C'est sous la seconde République, le 15 août 1851, que la Légion d'honneur fut décernée officiellement pour la première fois à une femme, Marie-Angélique Duchemin veuve Brulon, sous-lieutenant aux Invalides, en raison de ses services militaires sous la Révolution.
Née à Dinan (Côtes-du-Nord) le 20 janvier 1772, fille et soeur de soldats engagés dans les armées révolutionnaires, Marie-Angélique Duchemin épouse un soldat nommé Brulon, et le suit avec son régiment (le 42e en Corse).
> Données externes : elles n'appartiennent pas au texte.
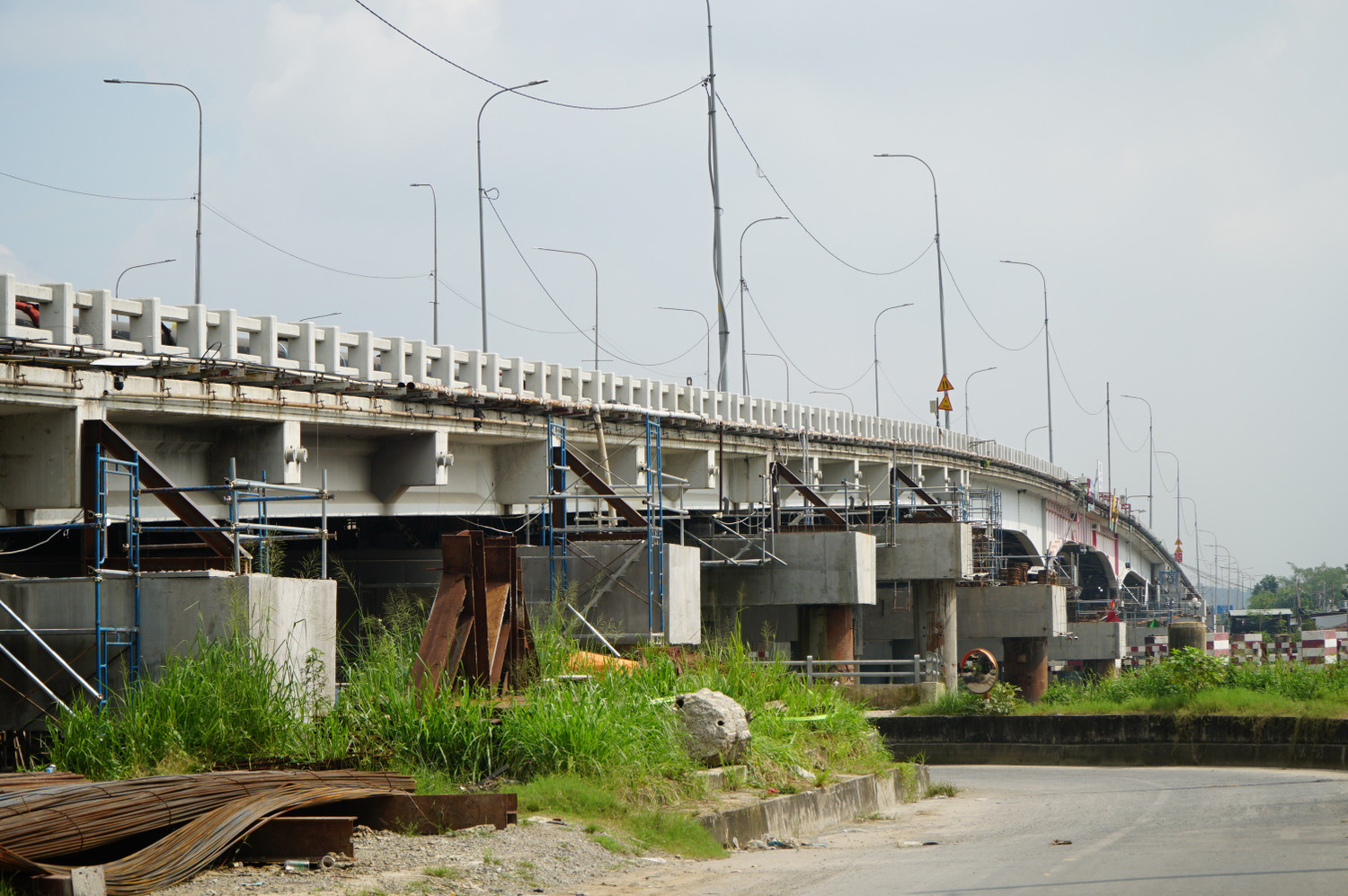 "Thần đèn" tạo kỳ tích nâng cây cầu nối Thủ Đức sang quận 12 cũ (TP.HCM) cao thêm hơn 1 mét, bí ẩn doanh nghiệp đứng sau- Ảnh 1. "Thần đèn" tạo kỳ tích nâng cây cầu nối Thủ Đức sang quận 12 cũ (TP.HCM) cao thêm hơn 1 mét, bí ẩn doanh nghiệp đứng sau- Ảnh 1.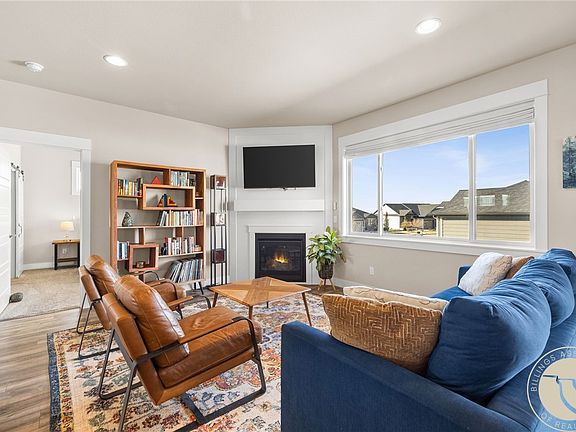 5th image of 3202 Harrier Ln
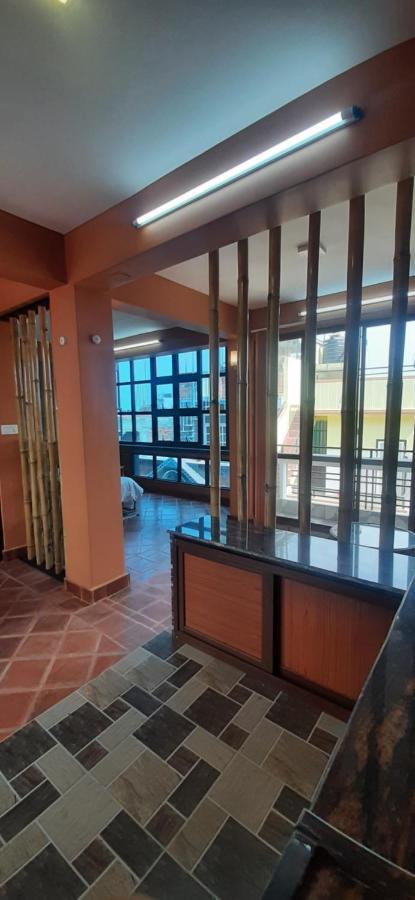 Looniva Guest House Lalitpur Екстериор снимка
Après les morts rapprochés de son mari puis de son père, Marie-Angélique décide, à 20 ans, de rester au sein du 42e régiment, où elle devient caporal, caporal fourrier, puis sergent-major.
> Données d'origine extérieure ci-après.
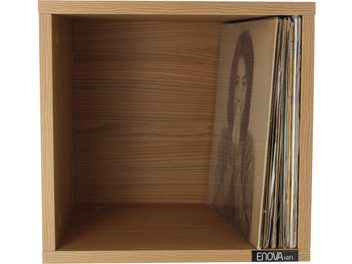 Ahşap mobilya, ön görünüm, sağda kare boş niş ve dikey vinil depolama alanı, açık kapı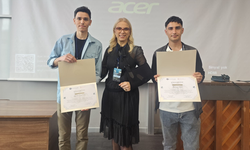 Eskişehirli öğrencilerden uluslararası kongrede başarı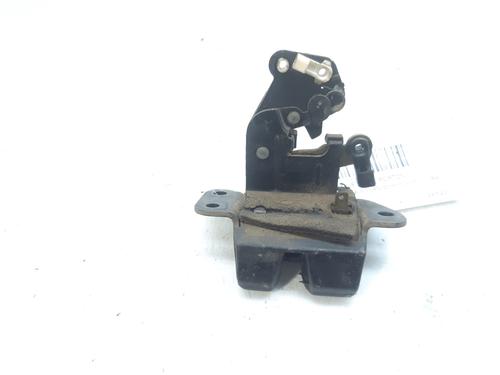 Used Tailgate lock HYUNDAI TUCSON (JM) 2.0 CRDi (113 hp) 10338153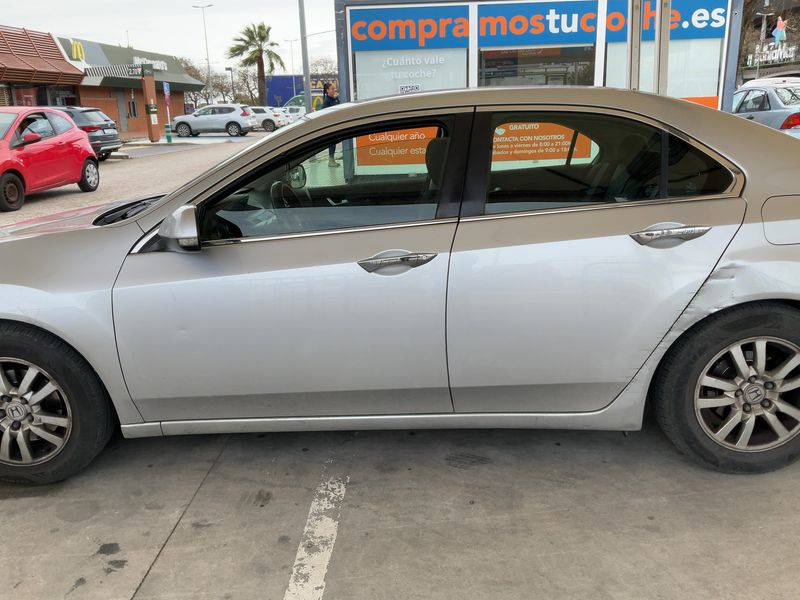 Honda Accord 2.2 DTEC Elegance 2012 – снимка 4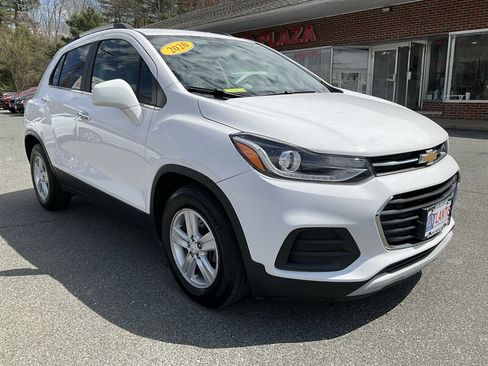 Used 2020 Chevrolet Trax LT w/ LT Convenience Package image 3
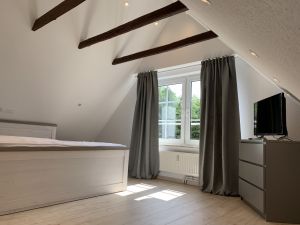 Schlafzimmer, Doppelbett, TV Im OG findest Du dieses Schlafzimmer mit Doppelbett und TV. Die dimmbaren Deckenspots machen den Aufenthalt gemütlich.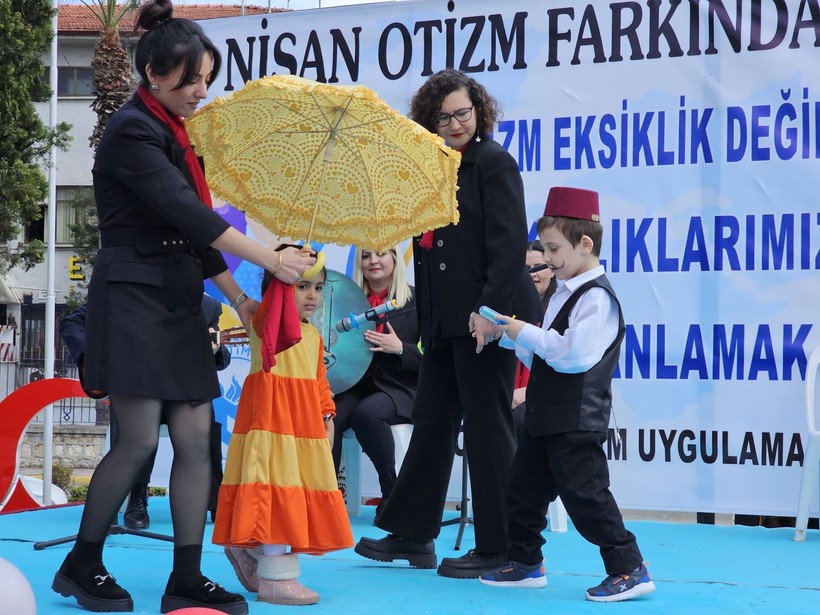 Otizm Farkındalık Günü Gölcük'te renkli görüntülere sahne oldu - Resim: 7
Elle s'illustre notamment lors de la défense du fort de Gesco, le 24 mai 1794, comme en témoignent les commentaires de ses compagnons de guerre : « Nous soussignés, caporal et soldats du détachement du 42e régiment, en garnison à Calvi, certifions et attestons que, le 5 prairial an II, la citoyenne Marie Angélique Josèphe Duchemin, veuve Brulon, caporal fourrier, faisant fonction de sergent, nous commandait à l'affaire du fort de Gesco ; qu'elle s'est battue avec nous avec le courage d'une héroïne; que les rebelles corses et les Anglais ayant chargé d'assaut, nous fûmes obligés de nous battre à l'arme blanche ; qu'elle a reçu un coup de sabre au bras droit et, un moment après, un coup de stylet au bras gauche, que nous voyant manquer de munitions, à minuit, elle partit, quoique blessée, pour Calvi, à une demi-lieue, où, par le zèle et le courage d'une vraie républicaine, elle fit lever et charger de munitions environ soixante femmes, qu'elle nous amena elle-même escortée de quatre hommes, ce qui nous mit à même de repousser l'ennemi et de conserver le fort, et qu'enfin nous n'avons qu'à nous louer de son commandement ».
Mais lors du siège de Calvi en 1794, elle est grièvement blessée et est admise à l'hôtel des Invalides, où elle restera jusqu'à sa mort le 13 juillet 1859.
En 1804, le maréchal Sérurier sollicite la Légion d'honneur pour la veuve Brulon, sans réponse favorable. Sous la Restauration, Marie-Angélique reçoit l'épaulette d'officier mais toujours pas la croix de la Légion d'honneur.
Le 15 août 1851, le Prince-Président Louis-Napoléon Bonaparte décide donc de distinguer Marie-Angélique Brulon. Cette femme, âgée alors de 79 ans, représente en effet un symbole fort, celui d'une femme ayant combattu au cours des guerres de la Révolution, un héritage auquel Louis-Napoléon Bonaparte souhaite associer son image, à l'aube du coup d'État du 2 décembre 1851.